I continue to desire for my life’s work to be to glorify God with the gifts
He’s given me by serving others. But, somehow, these things all suddenly seemed
threatened when I began pondering what exactly potential marriage would mean to
these core elements of Martha. What if I cannot perform the same (or as many)
volunteer activities as before? What if my work or family situation would
change? How am I serving God then? And in this, I realized that somehow, my Reformed,
Protestant upbringing (and very likely just the way my mind works), didn’t
leave me with a great idea of how being married or pursuing marriage helps
enables one to serve God. I very much believed that marriage was instituted by
God to bring him glory, carried with it distinct responsibilities and
privileges, and also was for the good of society at large. I had no qualms with
the institution of marriage per se, but rather how exactly Martha could be
serving God better in this role than in her current role as a single, newly
graduated registered dietitian.
This Tim
Keller quote, shared by a dear and wise church friend, was the first item to
get me thinking more about what exactly this whole marriage thing is about:
Within this Christian vision for
marriage, here’s what it means to fall in love. It is to look at another person
and get a glimpse of the person God is creating and to say, “I see who God is
making you, and it excites me! I want to be part of that. I want to partner
with you and God in the journey that you are taking to his throne. And when we
get there, I will look at your magnificence and say, ‘I always knew you could
be like this. I got glimpses of it on earth, but now look at you!’ “ (The
Meaning of Marriage, p. 132).
As time went
on, I started to actually read Keller’s book and talked to God, my parents, and
others who care about me to help me grasp a greater understanding of how
marriage could be a good thing – and could be a good thing for me. You may be
half laughing to yourself, “Oh, Martha….” And, I would agree. I overthink most
things, particularly important ones. However, I also am someone that needs to
have a reason for things that I do, reasons that are grounded in Scripture and
what I sense God is leading me towards. I do not take things lightly.

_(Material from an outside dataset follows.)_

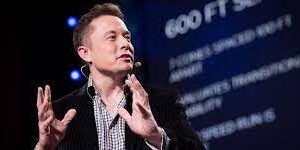 The Story of PayPal: How Elon Musk Changed Online Payments Forever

Some
people may not require this much processing time (so please do not feel bad if
you do not connect with my sentiments!), but I definitely do.
Through my
ponderings and God revealing to me more what marriage should mean/look like, I
came to realize these things:
-Marriage is
a way to make you holy. Actually, that’s kind of the whole point.
-Marriage is
a way of displaying to the world the relationship that Christ has with the
Church.
-Marriage is
the way through which godly offspring are to be brought into the world.
-Marriage is
not something that you have to have. Nor is it something you should avoid. It
is something that God gives as a gift according to the council of His will.
-Aspects of
marriage and such companionship can bring pleasure – and that isn’t wrong.
Should that be your primary and only motivator? Absolutely not. But, can you
enjoy what God has given you? I think the answer is most definitely yes.
-More
directly serving one person through a marital relationship (versus many people
at large) does not make one lesser. It is not less service to God. It is not
more. It is simply another way through which God has provided us to glorify and
enjoy Him.
I think I
can get behind those reasons. Obviously, I probably wouldn’t want to pursue
marrying someone that I wasn’t attracted to in other ways. But, many of these
aforementioned items are things that I am already passionate about. I very much
desire to serve others in meaningful, relational ways. I want to proclaim
Christ to the world. I love kids and teaching them about God. And so, I came to
decide that I had no reason to be at unrest because I was pursuing a more
serious dating relationship. I’m still Martha, and God still loves me, and He
will still use me in the best way possible to serve His purposes.
It’s hard,
isn’t it, to shift our mindset of how we think God can use us? As I reflected
more, I found that my identity was very much rooted in being single. Which,
again, is not a bad thing. Probably just as well at times during the crazy
busyness of studying that was my undergraduate experience. J But, truly, if my identity is found
in being single rather than that of being a child of God, whose primary purpose
is to glorify and enjoy Him – in WHATEVER situation that may be – how it this
really any different than someone finding their identity in dating someone? Or being
married? Or being a missionary? Or a mom? Or any other thing that replaces God?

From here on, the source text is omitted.